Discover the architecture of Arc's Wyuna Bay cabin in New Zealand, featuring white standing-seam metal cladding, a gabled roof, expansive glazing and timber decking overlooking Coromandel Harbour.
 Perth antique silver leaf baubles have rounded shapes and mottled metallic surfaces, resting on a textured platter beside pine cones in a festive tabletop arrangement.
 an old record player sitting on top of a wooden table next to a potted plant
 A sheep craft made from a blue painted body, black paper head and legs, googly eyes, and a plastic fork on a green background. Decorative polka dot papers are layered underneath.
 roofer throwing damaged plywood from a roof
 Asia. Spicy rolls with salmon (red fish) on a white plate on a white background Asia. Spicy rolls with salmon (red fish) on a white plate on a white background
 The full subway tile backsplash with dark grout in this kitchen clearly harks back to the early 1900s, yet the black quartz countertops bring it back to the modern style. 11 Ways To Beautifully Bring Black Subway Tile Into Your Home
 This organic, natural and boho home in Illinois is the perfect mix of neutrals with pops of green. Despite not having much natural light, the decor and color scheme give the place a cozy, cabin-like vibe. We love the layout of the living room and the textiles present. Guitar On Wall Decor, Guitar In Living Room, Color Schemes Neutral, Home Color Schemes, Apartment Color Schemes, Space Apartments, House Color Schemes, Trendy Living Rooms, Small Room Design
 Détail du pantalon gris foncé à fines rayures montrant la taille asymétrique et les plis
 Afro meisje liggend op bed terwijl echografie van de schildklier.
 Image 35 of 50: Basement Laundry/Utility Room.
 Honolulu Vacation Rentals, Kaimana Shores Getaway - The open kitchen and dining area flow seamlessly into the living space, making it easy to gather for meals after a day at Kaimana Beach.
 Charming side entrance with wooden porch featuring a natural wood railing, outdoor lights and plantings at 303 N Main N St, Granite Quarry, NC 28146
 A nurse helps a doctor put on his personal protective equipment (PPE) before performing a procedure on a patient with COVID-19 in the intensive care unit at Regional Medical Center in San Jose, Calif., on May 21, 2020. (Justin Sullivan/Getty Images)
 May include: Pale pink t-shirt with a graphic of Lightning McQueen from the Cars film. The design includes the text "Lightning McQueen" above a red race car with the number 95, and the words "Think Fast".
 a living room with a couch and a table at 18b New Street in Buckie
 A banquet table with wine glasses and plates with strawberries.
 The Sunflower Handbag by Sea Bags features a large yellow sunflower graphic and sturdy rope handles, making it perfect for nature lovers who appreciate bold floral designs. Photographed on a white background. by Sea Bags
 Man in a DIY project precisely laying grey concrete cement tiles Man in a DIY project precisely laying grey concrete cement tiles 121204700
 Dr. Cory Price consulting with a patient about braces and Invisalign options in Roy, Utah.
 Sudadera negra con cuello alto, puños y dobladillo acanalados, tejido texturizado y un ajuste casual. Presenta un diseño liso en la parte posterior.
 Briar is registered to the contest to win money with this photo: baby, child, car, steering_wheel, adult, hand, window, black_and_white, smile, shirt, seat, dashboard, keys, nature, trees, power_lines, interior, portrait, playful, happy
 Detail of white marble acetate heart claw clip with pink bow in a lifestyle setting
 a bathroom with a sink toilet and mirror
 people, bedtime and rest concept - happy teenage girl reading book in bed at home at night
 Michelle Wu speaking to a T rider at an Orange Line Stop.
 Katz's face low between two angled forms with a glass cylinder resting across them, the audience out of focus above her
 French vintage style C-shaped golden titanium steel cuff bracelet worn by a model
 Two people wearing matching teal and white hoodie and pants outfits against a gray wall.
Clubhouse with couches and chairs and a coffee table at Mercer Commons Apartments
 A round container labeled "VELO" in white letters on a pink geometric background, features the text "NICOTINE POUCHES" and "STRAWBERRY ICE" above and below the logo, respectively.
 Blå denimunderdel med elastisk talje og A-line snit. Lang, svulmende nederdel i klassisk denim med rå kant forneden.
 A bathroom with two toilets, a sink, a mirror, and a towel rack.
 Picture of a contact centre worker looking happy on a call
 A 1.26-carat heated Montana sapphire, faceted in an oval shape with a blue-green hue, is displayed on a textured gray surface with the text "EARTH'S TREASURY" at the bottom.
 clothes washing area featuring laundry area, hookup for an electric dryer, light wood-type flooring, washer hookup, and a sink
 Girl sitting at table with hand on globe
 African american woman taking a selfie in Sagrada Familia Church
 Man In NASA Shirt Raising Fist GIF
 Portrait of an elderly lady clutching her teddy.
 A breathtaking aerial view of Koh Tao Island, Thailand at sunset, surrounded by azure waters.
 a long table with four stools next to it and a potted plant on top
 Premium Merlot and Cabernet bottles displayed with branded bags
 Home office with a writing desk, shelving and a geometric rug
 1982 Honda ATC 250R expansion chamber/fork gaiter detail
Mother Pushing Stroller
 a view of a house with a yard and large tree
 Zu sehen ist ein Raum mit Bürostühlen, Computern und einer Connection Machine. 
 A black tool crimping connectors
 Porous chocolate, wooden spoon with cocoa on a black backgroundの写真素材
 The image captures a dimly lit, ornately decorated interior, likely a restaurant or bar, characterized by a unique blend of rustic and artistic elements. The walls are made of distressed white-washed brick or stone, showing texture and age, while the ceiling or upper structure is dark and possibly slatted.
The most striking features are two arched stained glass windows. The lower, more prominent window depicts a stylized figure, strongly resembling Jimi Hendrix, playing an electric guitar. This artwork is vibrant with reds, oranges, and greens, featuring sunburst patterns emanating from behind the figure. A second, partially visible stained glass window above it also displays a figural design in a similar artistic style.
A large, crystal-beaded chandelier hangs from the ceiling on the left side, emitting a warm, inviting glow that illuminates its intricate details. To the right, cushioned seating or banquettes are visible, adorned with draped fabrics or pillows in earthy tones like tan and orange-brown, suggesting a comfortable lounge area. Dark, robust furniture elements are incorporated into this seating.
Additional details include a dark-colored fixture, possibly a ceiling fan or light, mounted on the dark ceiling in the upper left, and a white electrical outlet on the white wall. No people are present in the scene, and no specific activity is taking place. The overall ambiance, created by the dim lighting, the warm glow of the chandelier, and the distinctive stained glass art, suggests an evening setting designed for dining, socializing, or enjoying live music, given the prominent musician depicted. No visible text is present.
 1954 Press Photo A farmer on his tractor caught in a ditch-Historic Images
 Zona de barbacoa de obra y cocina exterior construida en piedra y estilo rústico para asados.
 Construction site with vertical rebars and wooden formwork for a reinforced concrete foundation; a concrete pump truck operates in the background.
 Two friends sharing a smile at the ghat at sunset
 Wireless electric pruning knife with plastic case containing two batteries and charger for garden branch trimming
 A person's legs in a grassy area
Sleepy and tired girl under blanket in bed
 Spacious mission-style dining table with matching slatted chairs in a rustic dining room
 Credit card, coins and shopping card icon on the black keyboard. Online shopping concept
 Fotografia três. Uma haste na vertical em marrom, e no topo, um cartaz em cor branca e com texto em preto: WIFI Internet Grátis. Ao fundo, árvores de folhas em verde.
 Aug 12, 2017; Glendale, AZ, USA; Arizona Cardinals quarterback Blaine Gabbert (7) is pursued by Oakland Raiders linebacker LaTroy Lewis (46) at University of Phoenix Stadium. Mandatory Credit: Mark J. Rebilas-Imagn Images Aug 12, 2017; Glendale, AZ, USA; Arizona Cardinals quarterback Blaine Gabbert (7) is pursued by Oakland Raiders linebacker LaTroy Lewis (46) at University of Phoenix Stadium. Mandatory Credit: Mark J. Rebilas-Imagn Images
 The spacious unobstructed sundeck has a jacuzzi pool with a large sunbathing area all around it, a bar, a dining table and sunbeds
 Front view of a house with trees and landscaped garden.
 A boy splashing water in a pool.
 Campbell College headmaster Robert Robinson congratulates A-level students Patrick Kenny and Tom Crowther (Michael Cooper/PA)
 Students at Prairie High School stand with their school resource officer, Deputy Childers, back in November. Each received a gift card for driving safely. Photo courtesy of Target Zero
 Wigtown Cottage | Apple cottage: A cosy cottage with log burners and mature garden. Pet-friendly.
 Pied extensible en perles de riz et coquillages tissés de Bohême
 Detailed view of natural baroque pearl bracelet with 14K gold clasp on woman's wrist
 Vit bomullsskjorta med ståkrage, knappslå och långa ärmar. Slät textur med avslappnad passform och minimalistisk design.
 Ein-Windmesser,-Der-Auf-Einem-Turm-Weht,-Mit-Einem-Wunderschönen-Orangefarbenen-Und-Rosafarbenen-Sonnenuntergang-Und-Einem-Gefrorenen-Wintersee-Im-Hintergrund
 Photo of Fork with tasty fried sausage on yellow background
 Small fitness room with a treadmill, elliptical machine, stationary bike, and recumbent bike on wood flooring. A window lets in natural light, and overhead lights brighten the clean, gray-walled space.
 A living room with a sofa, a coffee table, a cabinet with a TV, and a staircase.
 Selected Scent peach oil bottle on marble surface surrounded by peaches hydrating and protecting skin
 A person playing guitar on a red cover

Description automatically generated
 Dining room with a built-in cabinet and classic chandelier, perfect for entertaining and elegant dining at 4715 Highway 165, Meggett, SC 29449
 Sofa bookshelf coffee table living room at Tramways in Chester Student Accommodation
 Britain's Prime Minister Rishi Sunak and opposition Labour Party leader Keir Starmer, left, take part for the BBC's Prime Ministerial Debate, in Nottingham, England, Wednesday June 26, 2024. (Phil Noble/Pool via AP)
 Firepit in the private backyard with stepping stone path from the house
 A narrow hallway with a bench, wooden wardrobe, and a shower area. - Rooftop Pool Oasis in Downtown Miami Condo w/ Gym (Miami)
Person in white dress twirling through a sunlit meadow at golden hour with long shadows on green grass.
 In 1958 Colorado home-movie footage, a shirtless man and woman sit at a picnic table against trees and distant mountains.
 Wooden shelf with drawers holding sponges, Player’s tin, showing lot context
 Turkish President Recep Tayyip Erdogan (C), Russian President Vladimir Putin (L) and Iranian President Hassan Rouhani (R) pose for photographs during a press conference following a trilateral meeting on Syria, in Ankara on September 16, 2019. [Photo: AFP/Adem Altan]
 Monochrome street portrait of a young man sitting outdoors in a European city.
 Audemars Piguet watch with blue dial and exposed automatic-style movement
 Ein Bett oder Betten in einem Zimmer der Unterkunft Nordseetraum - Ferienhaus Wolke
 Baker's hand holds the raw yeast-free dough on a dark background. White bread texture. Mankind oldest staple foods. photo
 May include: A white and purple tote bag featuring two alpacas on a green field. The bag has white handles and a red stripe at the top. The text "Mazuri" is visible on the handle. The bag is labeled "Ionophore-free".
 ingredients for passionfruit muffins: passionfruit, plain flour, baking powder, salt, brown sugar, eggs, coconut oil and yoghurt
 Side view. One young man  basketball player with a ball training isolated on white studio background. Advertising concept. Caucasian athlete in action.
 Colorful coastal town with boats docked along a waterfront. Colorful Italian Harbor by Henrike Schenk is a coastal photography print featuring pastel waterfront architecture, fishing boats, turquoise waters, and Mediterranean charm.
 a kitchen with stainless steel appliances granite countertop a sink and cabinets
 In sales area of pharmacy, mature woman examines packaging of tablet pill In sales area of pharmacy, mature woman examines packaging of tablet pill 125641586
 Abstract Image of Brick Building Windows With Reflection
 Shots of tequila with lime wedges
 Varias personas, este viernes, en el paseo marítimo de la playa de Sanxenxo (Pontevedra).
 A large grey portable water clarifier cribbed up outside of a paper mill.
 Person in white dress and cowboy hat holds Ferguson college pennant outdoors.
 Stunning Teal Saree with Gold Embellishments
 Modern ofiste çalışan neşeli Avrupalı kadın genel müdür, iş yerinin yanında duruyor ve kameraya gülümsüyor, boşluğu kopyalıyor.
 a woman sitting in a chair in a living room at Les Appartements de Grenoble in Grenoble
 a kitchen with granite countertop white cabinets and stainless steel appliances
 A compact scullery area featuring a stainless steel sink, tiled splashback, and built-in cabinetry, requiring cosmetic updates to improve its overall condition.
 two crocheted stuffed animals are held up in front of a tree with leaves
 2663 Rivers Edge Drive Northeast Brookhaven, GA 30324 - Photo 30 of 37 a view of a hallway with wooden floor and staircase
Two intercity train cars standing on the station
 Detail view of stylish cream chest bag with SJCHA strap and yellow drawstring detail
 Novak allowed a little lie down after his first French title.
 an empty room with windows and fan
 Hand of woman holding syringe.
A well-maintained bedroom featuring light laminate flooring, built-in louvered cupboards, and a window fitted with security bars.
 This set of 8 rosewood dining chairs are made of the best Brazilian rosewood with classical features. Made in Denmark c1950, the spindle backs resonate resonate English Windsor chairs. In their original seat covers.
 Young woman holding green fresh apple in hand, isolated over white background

◆ **ASSIGNED TASK**: Above are some records; copy exactly the lines from the one with "A large, crystal-beaded" through the one with "Spacious mission-style dining", both included, and no others.

◆ **SOLUTION TO THIS EXERCISE**:
A large, crystal-beaded chandelier hangs from the ceiling on the left side, emitting a warm, inviting glow that illuminates its intricate details. To the right, cushioned seating or banquettes are visible, adorned with draped fabrics or pillows in earthy tones like tan and orange-brown, suggesting a comfortable lounge area. Dark, robust furniture elements are incorporated into this seating.
Additional details include a dark-colored fixture, possibly a ceiling fan or light, mounted on the dark ceiling in the upper left, and a white electrical outlet on the white wall. No people are present in the scene, and no specific activity is taking place. The overall ambiance, created by the dim lighting, the warm glow of the chandelier, and the distinctive stained glass art, suggests an evening setting designed for dining, socializing, or enjoying live music, given the prominent musician depicted. No visible text is present.
 1954 Press Photo A farmer on his tractor caught in a ditch-Historic Images
 Zona de barbacoa de obra y cocina exterior construida en piedra y estilo rústico para asados.
 Construction site with vertical rebars and wooden formwork for a reinforced concrete foundation; a concrete pump truck operates in the background.
 Two friends sharing a smile at the ghat at sunset
 Wireless electric pruning knife with plastic case containing two batteries and charger for garden branch trimming
 A person's legs in a grassy area
Sleepy and tired girl under blanket in bed
 Spacious mission-style dining table with matching slatted chairs in a rustic dining room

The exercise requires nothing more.